2. You Encourage Their Friendships
"Encouraging your partner to create and participate in friendships outside of your own relationship is crucial to trust," Graham says. "It shows that you trust him, and that you want him to have a life outside of your relationship." Because in the end, no relationship is an island.
3. You Don't Glamorize Your Relationship
Letting your partner see the good and the bad is paramount. "Nobody is perfect,"Graham says. "Portraying a perfect image of your relationship, or in your relationship, just isn't realistic." The sooner you let your partner in on your flaws, the sooner your bond of trust will strengthen.
4. You Share Your Fears
Much like showing your less-than-perfect self to your partner, showing that you have fears will strengthen your trust, too. "Sharing your fears with your partner shows that you trust them," Graham says. When you share your fears, you're trusting your partner to take them into consideration, and not exploit them. By putting trust in your partner, they in turn can have trust in you.
5. You Don't Compare Your Relationship To Previous Ones
"Comparing your current relationship to any of your previous relationships is a huge hindrance to moving forward with your partner," Graham says. Translation? Let your exes be exes. How can you expect to move forward with your new beau if you're still hanging onto the old one?
6. You Spend Time Apart
It doesn't have to be a long distance relationship, but spending time apart from your partner is crucial. "Spending time with yourself is important to the health of any relationship," Graham says. "You appreciate time with your partner more if you're not together all the time." Absence makes the heart grow fonder.
7. You Don't Point Out Their Flaws
"Creating a relationship where your partner feels comfortable expressing himself means being kind," Graham says. "If your partner has flaws, as everyone does, there's no need for you to pick at them." If there's something your partner does that doesn't sit well with you, try approaching it gently. Graham recommends framing it as something you'd like to work on too, so your partner doesn't feel like you're putting them on blast.
8. You Don't Treat Everything As A Competition
Not everything is win or lose. "A little competition can be fun," Graham says. "But too much and it can get out of hand." From who goes to the gym more, to who's a better cook, to who makes more money — some things are better left alone. You don't need a ribbon for everything awesome thing you do, and neither does your partner. The important part of a relationship is what you can accomplish together, not who can accomplish more than the other.

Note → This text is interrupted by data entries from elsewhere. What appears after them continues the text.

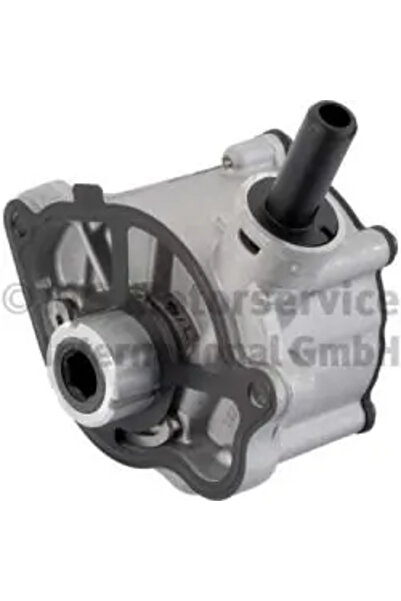PIERBURG Pompa Vacuum Sistem De Franare Jeep Compass Mercedes-Benz A-Class/B-...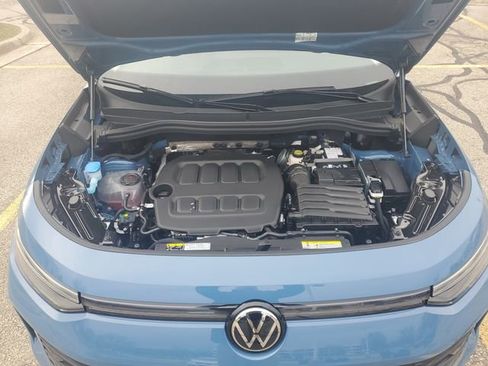 New 2026 Volkswagen Tiguan SE AWD/4WD image 26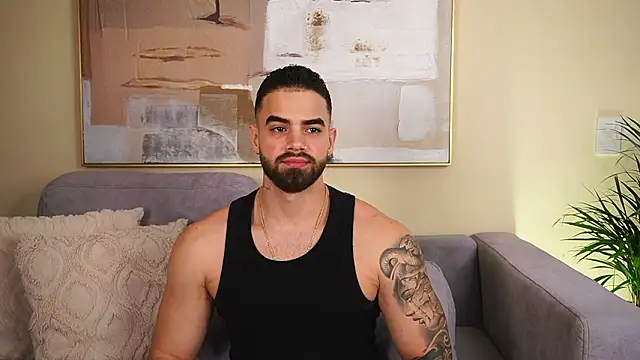 Paul Phoenix online show from March 11, 9:22 pm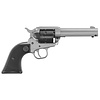 Ruger Wrangler 22LR 4.62" SIL/BLK 6RD Revolver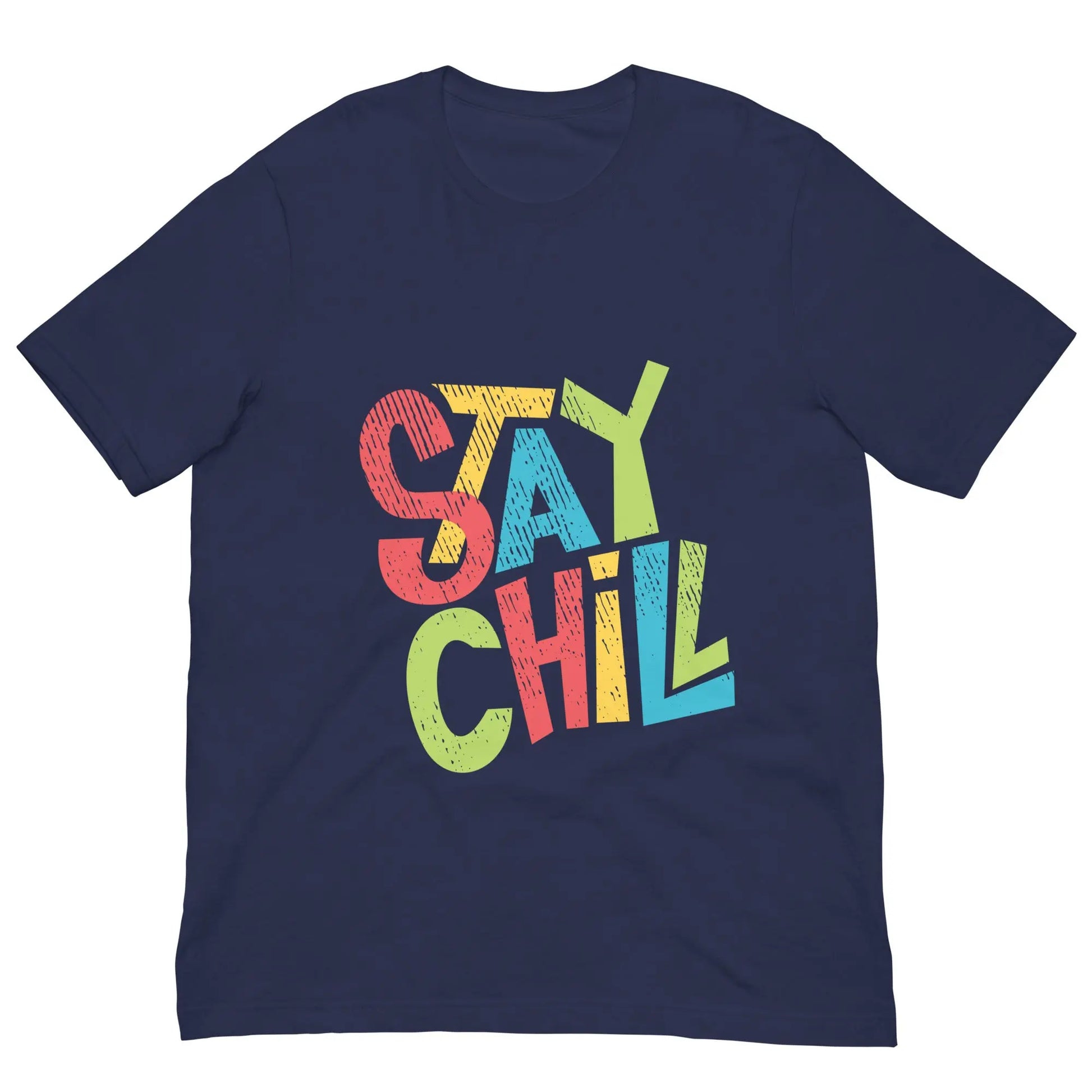 Stay chill in every sense of the word with this cool tee! SHOP Now at The Wishful Fish KIDS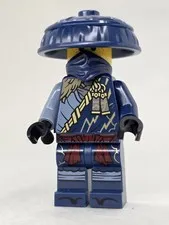 Lego Ninjago Rogue Jay Dragons Rising Season 3 Minifigure NJO0986 9t
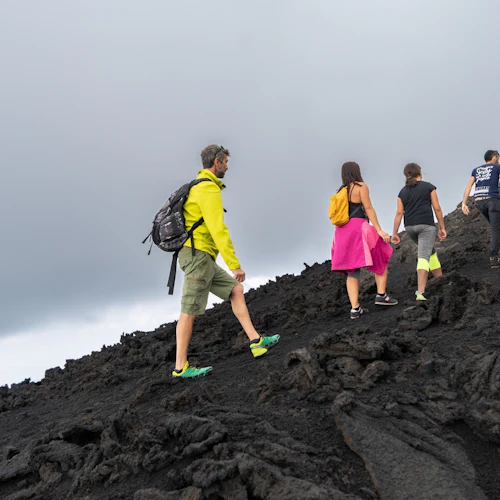 Mount Etna: Guided Day Trip from Catania - Photo 9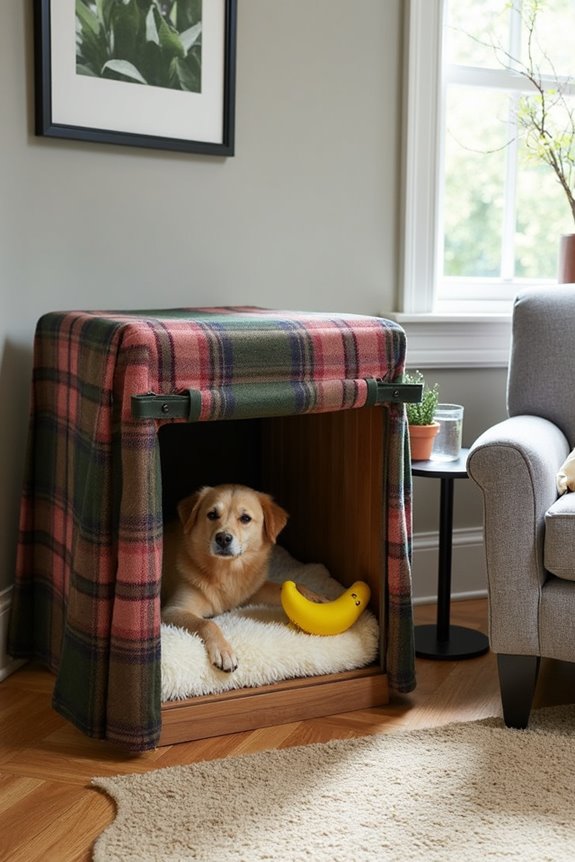 cozy plaid flannel patterns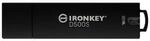 Kingston 16 GB IronKey D500S verschl&uuml;sselter USB-Stick USB-A 3.2 Gen1 Standard
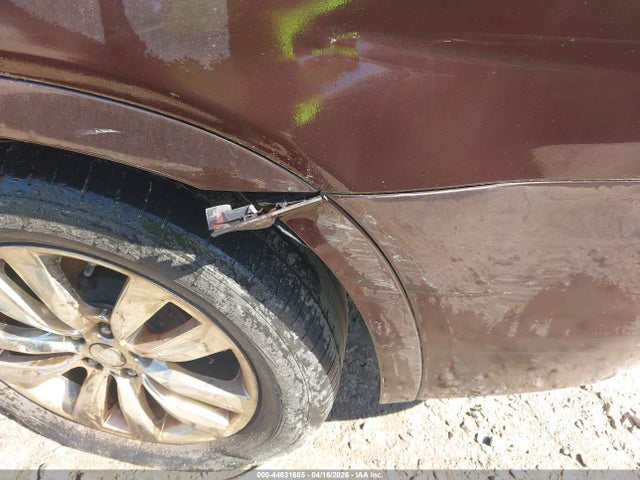 44631685 :رقم المزاد ، 5XYKW4A2XCG228360 vin ، 2012 Kia Sorento Sx V6 مزاد بيع
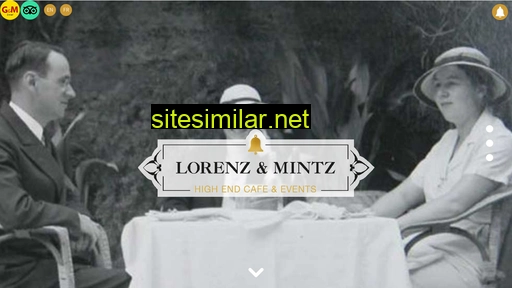 Lorenzandmintz similar sites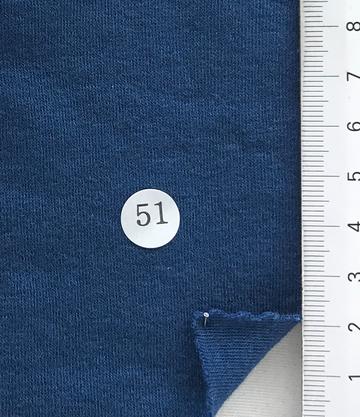 51 Blue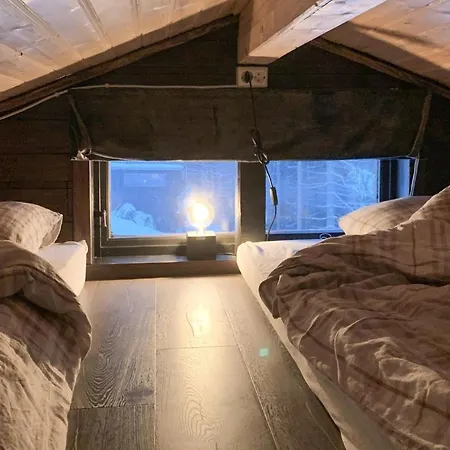 Ferienhaus Lovely In With Wifi *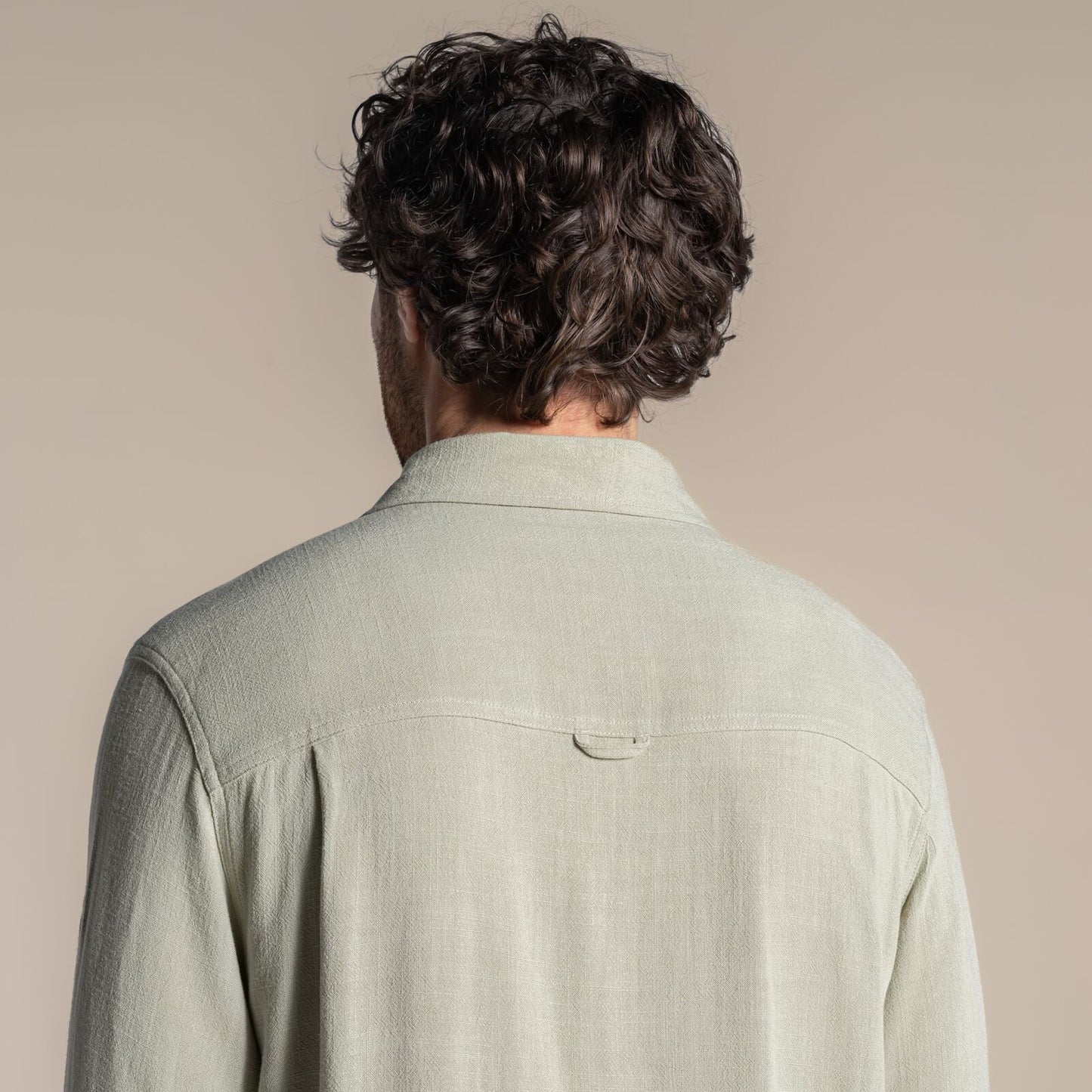 Craghoppers Mens Azaden Long Sleeve Shirt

9. You Don't Make Jokes At Their Expense
Making jokes at your partner's expense is not a love language, make no mistake. "Poking fun at your partner every once in a while is one thing," Graham says. "Making your partner the punch line to every joke is another, and it breeds negativity."
10. You Don't Sugarcoat Things
When things are going awry, don't try and make it seem like everything's fine. Graham recommends honesty, above everything. If you're sugarcoating your problems, they're only going to come around to bite you in the end. If you practice honesty from the start, you're better off.

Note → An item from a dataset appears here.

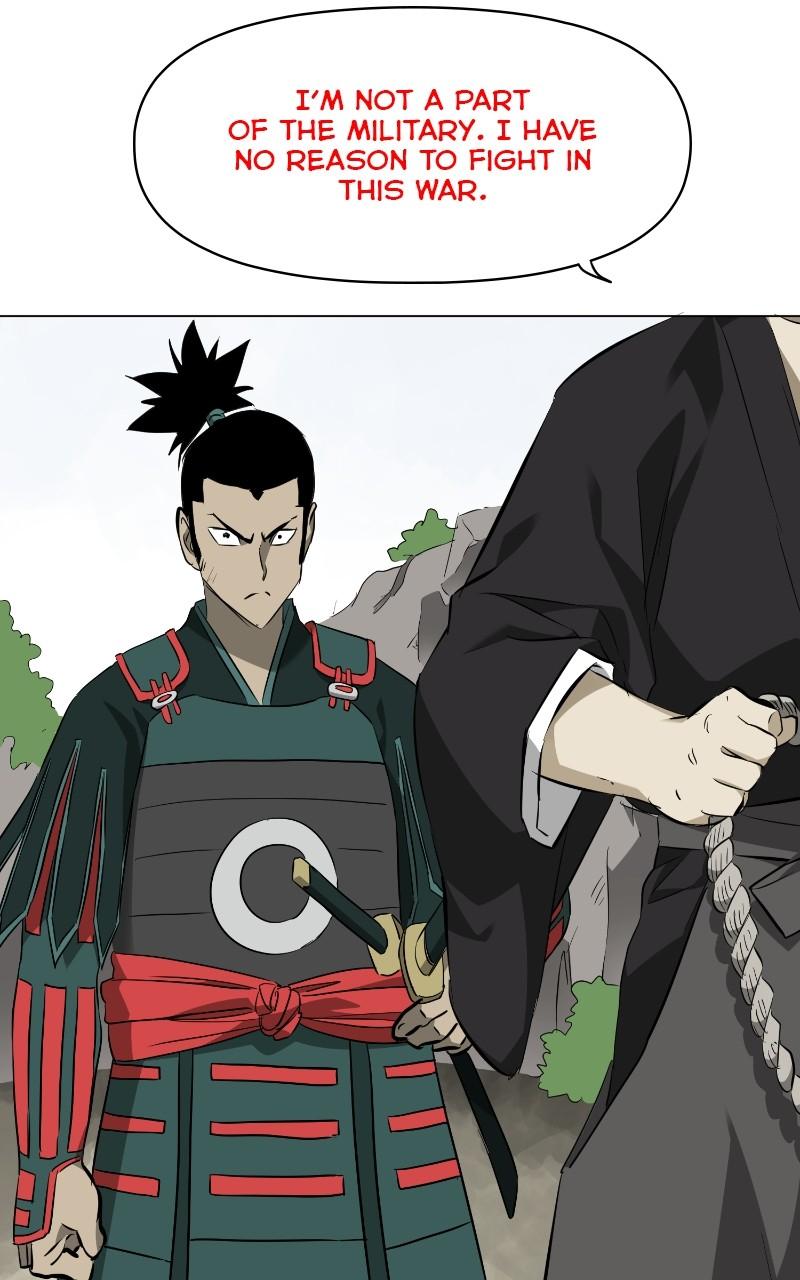 Read Infinite Leveling: Murim chapter 126.5 image 39 on Lezhin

11. You Don't Walk Away From A Problem
"When things get hard, don't walk away," Graham says. "You have to show your partner you're willing to put in the work when it comes time." Don't run away when the going gets tough. Put in the work, and your trust will blossom from the seeds you've cultivated.
12. You Don't Lie To Them
White lies, big lies; lies are lies. Don't lie to your partner, period. It won't get you anywhere but in a mess. "Lying to your partner is the ultimate act of distrust," Graham says. How is your partner supposed to trust you if you can't tell them the truth?
13. You're Open To Compromise
"Compromise is the most common issue among my clients," Graham says. "From daily chores to emotional needs, relationships require compromise." No relationship is a fairytale. There's no such thing as perfection. In order to create a long lasting relationship full of trust and love, you've got to compromise (and so does your partner). "When you and your partner are both willing to compromise, you show that you trust one another not to take advantage of that compromise." Give a little, take a little, and you'll be well on the road to creating a bond of trust with your partner for the long haul.